### What you have to do
In the records that follow, find the line containing "3N1CP5BV4LL512403 Nissan 2020" and the line containing "Pastel Green Floral", then transcribe both and every line between them exactly, omitting pictures.

### Material for the task

· · · · · · ·

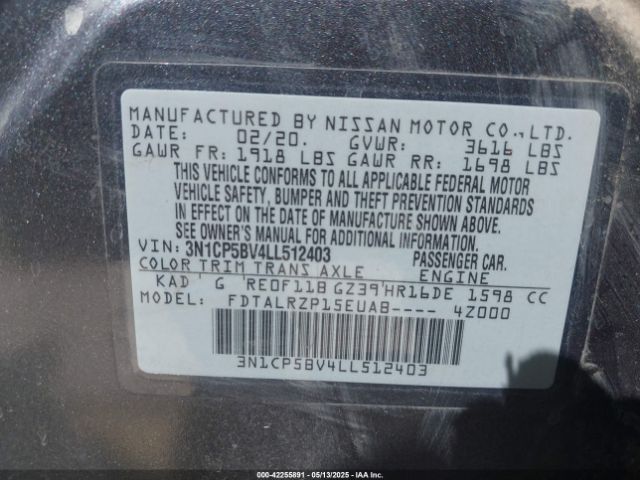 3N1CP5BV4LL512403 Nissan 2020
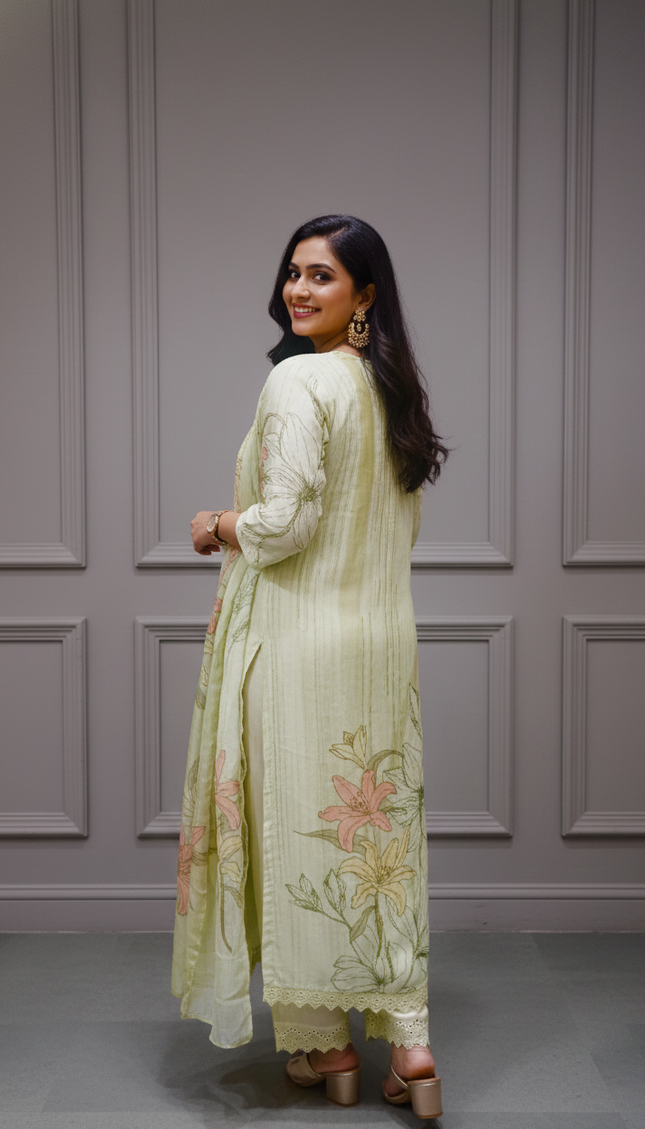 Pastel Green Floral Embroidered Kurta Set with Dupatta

· · · · · · ·

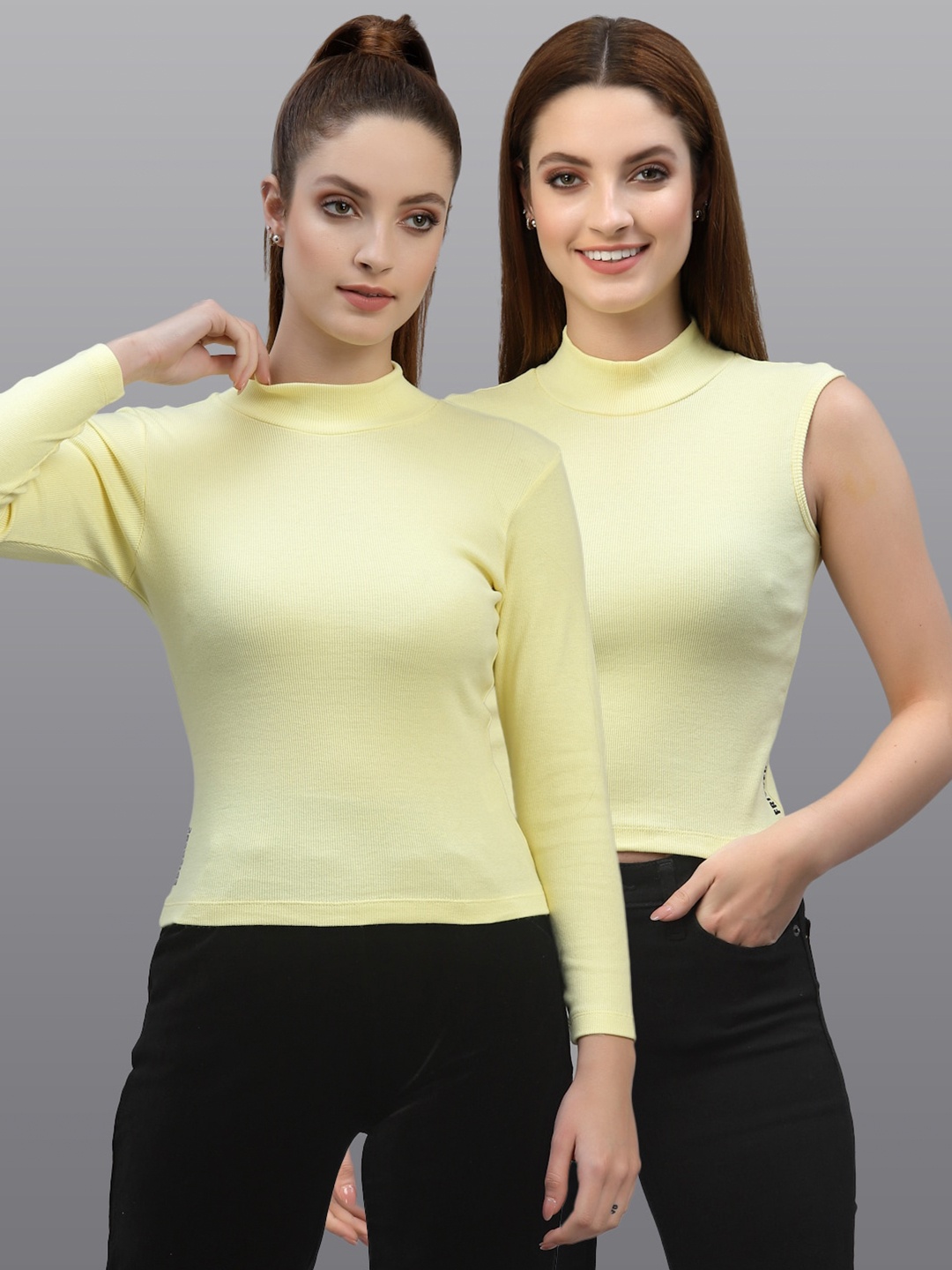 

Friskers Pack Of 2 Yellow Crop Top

· · · · · · ·

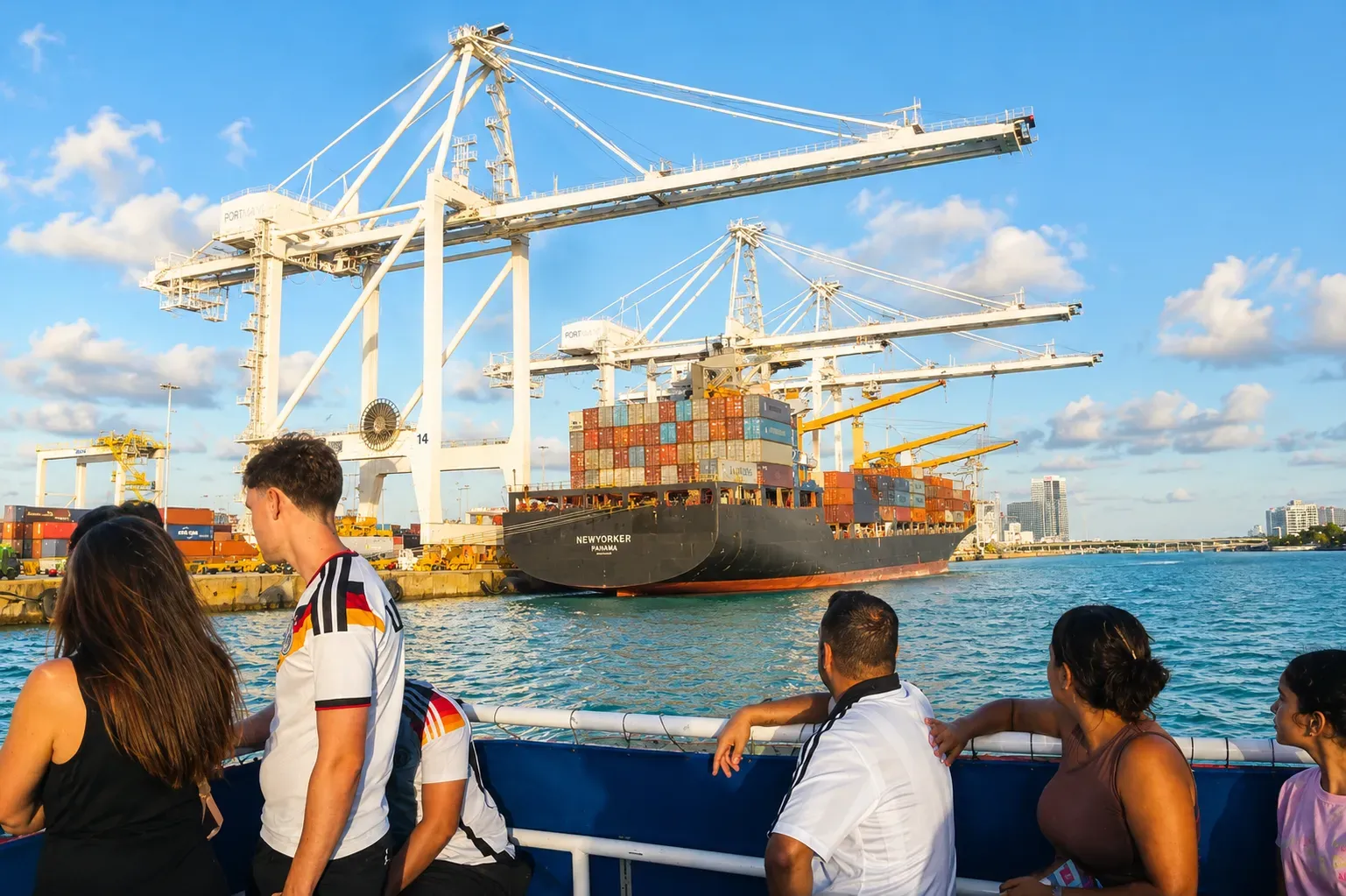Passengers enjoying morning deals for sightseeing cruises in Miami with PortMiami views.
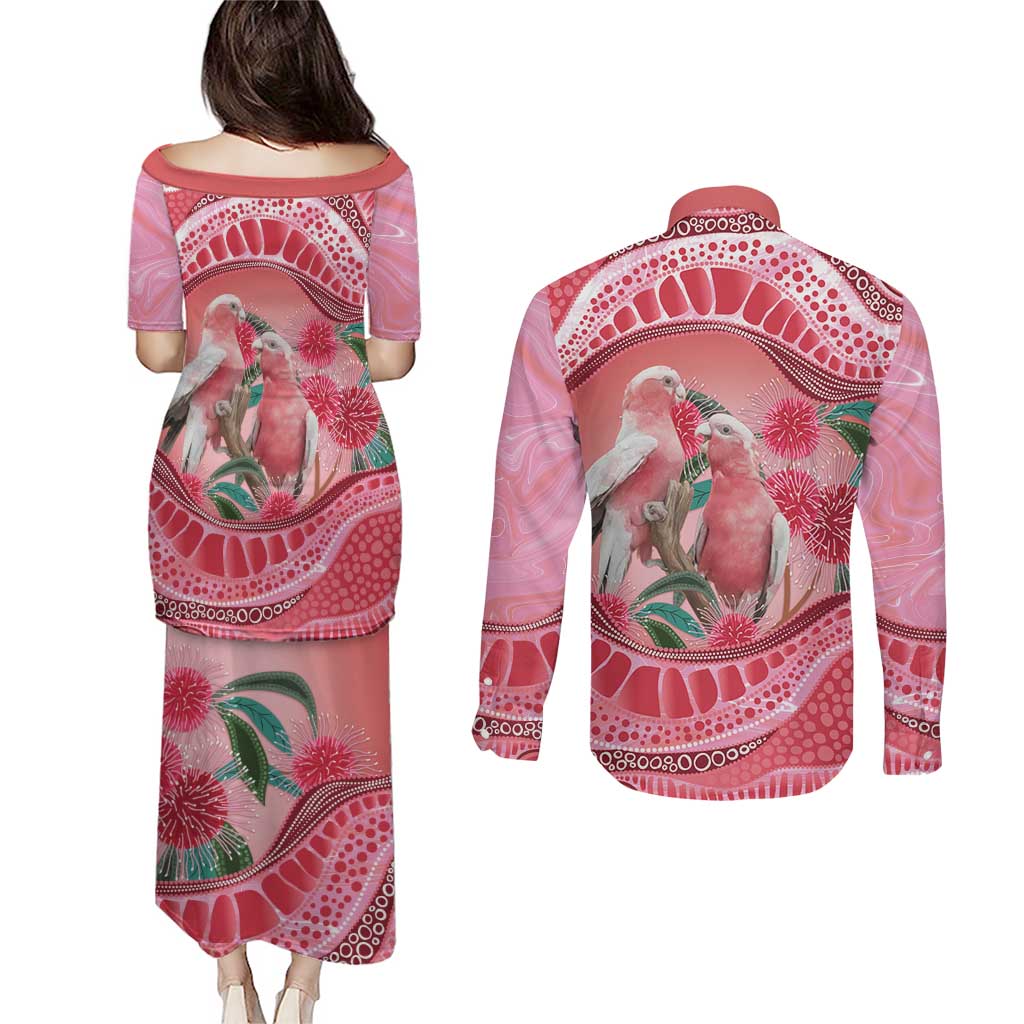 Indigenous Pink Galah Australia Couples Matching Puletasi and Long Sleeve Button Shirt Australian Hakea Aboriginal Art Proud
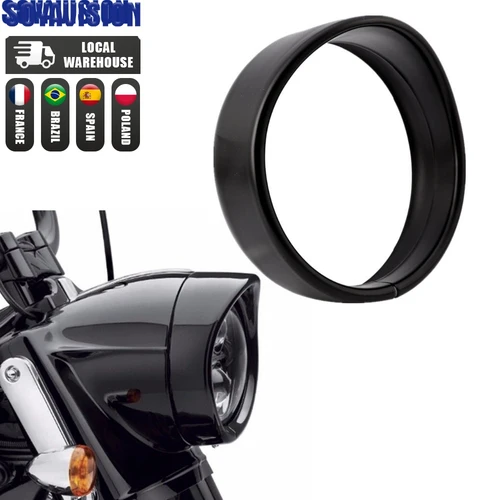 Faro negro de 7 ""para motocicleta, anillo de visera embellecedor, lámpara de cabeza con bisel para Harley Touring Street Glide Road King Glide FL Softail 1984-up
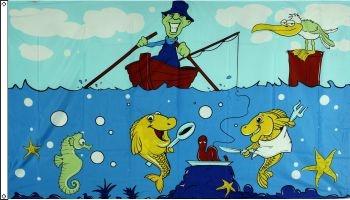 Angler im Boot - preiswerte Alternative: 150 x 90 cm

· · · · · · ·

### Output of the task
 3N1CP5BV4LL512403 Nissan 2020
 Pastel Green Floral Embroidered Kurta Set with Dupatta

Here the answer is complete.